Pelos últimos lances do jogo sucessório, Lula não vai concretizar o sonho de atrair outros partidos para seu time no primeiro tempo da partida. Certo mesmo está apenas o PCdoB. O governador de Minas, Itamar Franco (PMDB), dá sinais de que vai cair nos braços do tucano José Serra. Com o PSB de Anthony Garotinho, a perspectiva de aliança também está se esvaindo, diante do crescimento do governador do Rio nas pesquisas de opinião. A aproximação com o PL e a tentativa de dar a Lula um vice empresário, o senador José Alencar (MG), atropelando as famosas instâncias partidárias, foi desgastante. Tentou-se criar um fato consumado, com factóides como um jantar, à luz dos flashes dos fotógrafos, de Lula com o deputado federal Bispo Rodrigues (PL-RJ), coordenador político da Igreja Universal.
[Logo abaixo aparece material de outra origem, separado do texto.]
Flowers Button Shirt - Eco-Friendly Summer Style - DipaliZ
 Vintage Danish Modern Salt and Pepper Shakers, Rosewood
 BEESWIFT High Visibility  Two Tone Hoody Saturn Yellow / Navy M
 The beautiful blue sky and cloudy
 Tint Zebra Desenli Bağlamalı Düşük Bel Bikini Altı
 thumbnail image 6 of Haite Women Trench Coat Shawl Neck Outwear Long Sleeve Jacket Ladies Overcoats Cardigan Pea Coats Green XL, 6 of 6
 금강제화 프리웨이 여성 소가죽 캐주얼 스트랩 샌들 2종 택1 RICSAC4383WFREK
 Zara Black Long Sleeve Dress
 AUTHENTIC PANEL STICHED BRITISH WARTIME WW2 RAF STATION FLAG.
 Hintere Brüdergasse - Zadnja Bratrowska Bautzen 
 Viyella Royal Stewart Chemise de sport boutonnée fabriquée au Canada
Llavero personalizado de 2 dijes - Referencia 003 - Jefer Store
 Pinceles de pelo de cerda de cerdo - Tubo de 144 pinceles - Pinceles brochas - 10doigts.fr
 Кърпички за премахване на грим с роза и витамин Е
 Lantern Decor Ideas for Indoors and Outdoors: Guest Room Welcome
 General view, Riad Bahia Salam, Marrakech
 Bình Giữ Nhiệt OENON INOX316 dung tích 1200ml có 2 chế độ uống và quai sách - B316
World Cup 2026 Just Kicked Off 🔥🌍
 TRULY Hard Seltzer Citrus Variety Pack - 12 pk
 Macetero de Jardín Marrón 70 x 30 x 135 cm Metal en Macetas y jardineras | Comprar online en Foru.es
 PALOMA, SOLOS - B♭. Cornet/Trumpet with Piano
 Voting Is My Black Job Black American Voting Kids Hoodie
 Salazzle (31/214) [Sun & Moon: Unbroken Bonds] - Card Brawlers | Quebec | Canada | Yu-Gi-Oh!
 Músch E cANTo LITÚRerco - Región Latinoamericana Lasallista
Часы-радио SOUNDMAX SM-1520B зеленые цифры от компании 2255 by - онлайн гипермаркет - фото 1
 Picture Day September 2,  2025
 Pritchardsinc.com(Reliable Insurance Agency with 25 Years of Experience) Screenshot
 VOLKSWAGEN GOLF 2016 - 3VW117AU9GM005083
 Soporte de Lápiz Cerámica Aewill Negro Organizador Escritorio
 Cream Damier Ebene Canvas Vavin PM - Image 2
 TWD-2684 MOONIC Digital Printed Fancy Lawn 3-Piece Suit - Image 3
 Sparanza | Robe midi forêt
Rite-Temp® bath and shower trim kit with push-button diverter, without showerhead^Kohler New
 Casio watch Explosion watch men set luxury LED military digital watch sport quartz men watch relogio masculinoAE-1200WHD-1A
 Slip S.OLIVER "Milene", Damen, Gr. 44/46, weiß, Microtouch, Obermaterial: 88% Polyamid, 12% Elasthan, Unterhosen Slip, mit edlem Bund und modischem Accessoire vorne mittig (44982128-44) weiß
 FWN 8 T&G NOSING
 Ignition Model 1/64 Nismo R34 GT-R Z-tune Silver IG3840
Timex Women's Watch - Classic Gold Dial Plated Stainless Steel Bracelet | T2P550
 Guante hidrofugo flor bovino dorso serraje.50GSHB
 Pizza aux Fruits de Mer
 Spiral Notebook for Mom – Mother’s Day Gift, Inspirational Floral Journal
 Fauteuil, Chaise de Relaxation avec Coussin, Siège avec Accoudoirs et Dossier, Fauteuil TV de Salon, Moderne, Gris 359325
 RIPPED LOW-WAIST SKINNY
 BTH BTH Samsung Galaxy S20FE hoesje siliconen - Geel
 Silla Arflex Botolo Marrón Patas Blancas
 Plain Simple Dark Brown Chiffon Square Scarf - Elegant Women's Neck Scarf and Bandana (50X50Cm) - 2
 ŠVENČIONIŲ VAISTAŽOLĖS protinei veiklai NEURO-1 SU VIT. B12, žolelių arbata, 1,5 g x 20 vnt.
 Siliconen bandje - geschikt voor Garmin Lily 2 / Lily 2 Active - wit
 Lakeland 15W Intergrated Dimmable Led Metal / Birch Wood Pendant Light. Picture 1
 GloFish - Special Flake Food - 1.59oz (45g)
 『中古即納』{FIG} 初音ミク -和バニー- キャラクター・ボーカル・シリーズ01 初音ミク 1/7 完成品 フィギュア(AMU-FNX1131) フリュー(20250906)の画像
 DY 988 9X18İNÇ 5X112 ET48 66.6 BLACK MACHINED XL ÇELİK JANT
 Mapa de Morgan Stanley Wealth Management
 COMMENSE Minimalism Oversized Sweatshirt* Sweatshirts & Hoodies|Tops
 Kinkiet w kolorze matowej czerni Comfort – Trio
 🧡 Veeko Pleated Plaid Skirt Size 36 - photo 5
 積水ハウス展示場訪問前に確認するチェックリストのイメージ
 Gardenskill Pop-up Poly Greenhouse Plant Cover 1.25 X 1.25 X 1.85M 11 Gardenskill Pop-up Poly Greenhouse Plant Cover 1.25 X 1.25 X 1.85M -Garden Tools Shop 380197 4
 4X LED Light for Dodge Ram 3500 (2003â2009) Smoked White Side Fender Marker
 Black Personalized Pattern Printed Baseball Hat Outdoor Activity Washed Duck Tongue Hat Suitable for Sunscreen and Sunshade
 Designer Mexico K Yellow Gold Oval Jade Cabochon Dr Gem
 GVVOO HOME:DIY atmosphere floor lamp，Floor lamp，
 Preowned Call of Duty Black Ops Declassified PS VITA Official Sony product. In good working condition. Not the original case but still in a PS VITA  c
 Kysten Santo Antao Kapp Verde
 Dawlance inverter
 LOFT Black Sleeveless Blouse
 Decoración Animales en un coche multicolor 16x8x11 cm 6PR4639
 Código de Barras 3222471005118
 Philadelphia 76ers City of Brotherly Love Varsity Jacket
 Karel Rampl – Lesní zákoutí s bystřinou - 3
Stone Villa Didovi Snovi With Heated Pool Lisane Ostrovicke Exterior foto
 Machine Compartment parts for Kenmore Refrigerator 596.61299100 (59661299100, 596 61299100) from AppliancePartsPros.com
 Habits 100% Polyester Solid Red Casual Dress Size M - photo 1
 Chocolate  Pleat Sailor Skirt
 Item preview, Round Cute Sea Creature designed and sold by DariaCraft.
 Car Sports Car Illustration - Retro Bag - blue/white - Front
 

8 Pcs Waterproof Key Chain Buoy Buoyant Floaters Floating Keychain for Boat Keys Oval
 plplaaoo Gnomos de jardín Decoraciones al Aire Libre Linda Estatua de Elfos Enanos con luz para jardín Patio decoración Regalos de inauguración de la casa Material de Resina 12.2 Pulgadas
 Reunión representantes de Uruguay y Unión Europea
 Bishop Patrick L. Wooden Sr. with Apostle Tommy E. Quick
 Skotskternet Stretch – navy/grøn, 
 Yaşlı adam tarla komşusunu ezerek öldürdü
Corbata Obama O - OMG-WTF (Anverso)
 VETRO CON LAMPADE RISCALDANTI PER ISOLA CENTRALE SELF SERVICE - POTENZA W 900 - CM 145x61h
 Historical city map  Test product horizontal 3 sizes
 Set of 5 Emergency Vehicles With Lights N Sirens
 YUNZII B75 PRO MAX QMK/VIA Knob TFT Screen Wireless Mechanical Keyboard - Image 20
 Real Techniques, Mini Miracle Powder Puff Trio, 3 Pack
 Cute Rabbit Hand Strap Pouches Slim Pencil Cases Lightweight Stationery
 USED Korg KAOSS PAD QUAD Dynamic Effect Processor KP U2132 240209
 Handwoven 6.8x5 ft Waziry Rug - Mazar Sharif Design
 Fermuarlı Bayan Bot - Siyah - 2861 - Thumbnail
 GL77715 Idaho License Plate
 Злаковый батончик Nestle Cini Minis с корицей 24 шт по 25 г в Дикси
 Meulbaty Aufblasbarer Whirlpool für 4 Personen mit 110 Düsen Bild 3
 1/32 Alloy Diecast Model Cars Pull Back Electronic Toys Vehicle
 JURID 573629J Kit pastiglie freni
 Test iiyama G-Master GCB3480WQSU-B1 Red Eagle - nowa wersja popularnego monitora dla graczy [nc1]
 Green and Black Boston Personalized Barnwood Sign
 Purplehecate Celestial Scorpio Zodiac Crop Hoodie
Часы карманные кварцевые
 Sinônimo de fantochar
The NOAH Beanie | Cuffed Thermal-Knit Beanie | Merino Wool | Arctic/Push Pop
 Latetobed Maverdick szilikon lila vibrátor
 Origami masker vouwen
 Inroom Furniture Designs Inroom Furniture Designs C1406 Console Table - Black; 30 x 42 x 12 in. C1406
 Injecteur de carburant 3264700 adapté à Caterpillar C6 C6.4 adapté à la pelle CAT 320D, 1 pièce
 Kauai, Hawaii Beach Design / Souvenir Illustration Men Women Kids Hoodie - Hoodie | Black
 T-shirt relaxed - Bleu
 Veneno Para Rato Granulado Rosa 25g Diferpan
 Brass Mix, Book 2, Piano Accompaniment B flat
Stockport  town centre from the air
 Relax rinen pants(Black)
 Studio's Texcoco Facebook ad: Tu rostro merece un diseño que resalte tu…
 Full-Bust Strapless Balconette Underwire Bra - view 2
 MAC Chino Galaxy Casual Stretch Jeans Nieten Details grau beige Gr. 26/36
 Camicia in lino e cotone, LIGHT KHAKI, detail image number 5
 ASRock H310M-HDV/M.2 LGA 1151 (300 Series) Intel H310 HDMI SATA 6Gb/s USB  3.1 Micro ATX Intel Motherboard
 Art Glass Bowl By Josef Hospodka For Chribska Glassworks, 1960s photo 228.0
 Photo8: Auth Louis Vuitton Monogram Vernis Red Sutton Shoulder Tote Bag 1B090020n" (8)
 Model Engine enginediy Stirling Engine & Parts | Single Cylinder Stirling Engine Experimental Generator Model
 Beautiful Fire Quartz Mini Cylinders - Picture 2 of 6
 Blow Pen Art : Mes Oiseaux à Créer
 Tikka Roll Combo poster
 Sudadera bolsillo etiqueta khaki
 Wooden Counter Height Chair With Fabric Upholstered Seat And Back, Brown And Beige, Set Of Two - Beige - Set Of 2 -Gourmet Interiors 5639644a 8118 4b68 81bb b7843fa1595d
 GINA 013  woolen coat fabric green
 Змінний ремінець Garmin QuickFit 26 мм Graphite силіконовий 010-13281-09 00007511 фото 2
“A operação política foi um desastre”, reconheceu um cacique petista. Lula sentiu isso ao enfrentar um protesto inédito, de seu próprio rebanho, no domingo 17, em Poços de Caldas (MG), pouco antes de submeter-se à prévia. Venceu folgado, com quase 85% dos votos, mas Suplicy não fez feio, ao conquistar mais de 15% dos votos no País e até mesmo ganhar em algumas cidades, como Campinas. “Uma aliança com o PL vai provocar um cisma no PT e comprometer a dignidade partidária. Se o PT continuar nessa direção, o eleitor vai se perguntar por que votar no Lula, e não no Ciro Gomes (PPS) ou no Garotinho (PSB)”, protestou o deputado federal Miltom Temer (PT-RJ). Se não fosse pela chiadeira da esquerda, a cúpula petista talvez pudesse dar ouvidos à voz do povo. Um motorista de táxi petista de São Paulo, ao saber que seu passageiro era um deputado do PT, questionou-o sobre os motivos do namoro com os liberais. “O PT ganha 46 segundos de tempo na tevê”, explicou o parlamentar. A conclusão do motorista: “É um bom tempo para o Lula explicar ao eleitor a aliança com o PL.”